Of course there are areas where I disagree with him. Oddly one day I met someone who knew I was a Catholic, and because of that, was surprised that I liked Hitchens. It was an example of a new intolerance I see creeping in. Just because I disagree with him on God, doesn’t mean I have to reject him and all his work. It’d be astonishly dull to read a writer with whom I agreed on everything anyway. Why bother?
But I was thinking of another topic. In 2002, Martin Amis (who with Clive James and others used to share a regular boozy Friday lunch with Hitchens) wrote Koba the Dread: Laugher and the Twenty Million, an examination of the reign of Stalin and the odd attitude the left wing has taken towards Communism then and now. He related a story where Hitchens told a story at a speech about his days as a Communist, and got a laugh. Amis wondered if Hitchens had related a story about his days as a Blackshirt, whether he would have got the laugh, or even been a working writer in modern Britain.
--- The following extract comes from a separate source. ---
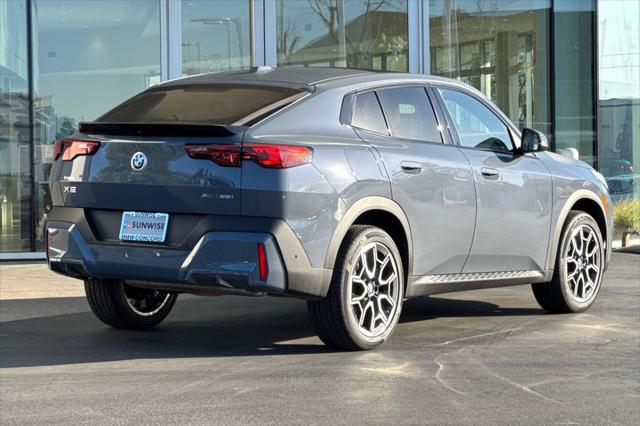 2025 BMW X2 xDrive28i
To me he raised a fair point: why do we still look at the USSR, with the Great Terror, the gulags, the use of famine as a tool of oprression, the twenty million dead (some sources would say more), as somehow all right, well-intentioned, while Nazi Germany is beyond the pale? Why is left wing extremism somehow not so bad, while right wing extremism is the greatest form of evil ever? To put it another way, why are we not as appalled by Stalin’s Socialism within One Country as we are by Hitler’s National Socialism? After all, to quote the political pundit Clint Eastwood, if you go far enough right you meet the same idiots coming from the left.
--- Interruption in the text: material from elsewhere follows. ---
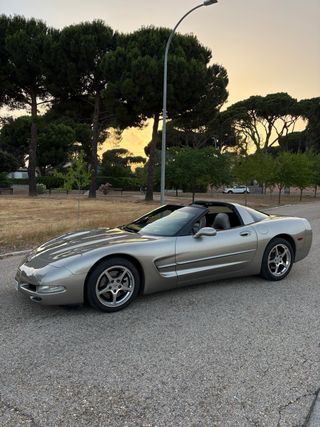 Corvette C5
Hitchens didn’t believe this was so. He accused Amis of coming late to the information about the terrors of the USSR, and assuming no-one else knew about it either. I think Hitchens has made a similar mistake. He knew about it, and so assumed everyone else must know about it. And it still doesn’t explain the laugh – in fact, if they do all know about the horror of Stalin’s reign, the laugh becomes even more sinister. But I believe there is an enormous double standard in our attitude towards left-wing totalitarianism and right-wing totalitarianism.
In another column, Hitchens supplies an example of this very phenomenon. He is reviewing the third volume of Victor Klemperer’s diaries. Third? Sure there were only two? Yes, two best-selling volumes about life under Nazi Germany, but a third volume, of life under the Communists in Eastern Berlin, could not get a publisher in the US nor as far as I can tell in Australia. And here it is! A book that tells of life under the Communists cannot get a publisher, even though the author had two best sellers! The interest, the market, is not there. We simply don’t take the terror of Communism with the same gravitas as we do for the terror of Nazism. And why that is, is a question of great interest. Hitchens never makes this connection, and so never turns his considerable mind to it.
But disagreements and argument were the stuff Hitchens thrived on. His work is provocative and entertaining. As a writer and as a man, he was courageous. Everyone is entitled to an opinion. Every one is free to write those opinions and get them published if you can (or blog/twitter them). But it is only if you bring the comparable intellect, knowledge, and integrity that you can be as respected as Christopher Hitchens. I suppose he would have thought me a complete idiot, being religious and all. But I too am sorry I will never again reading something new he has written.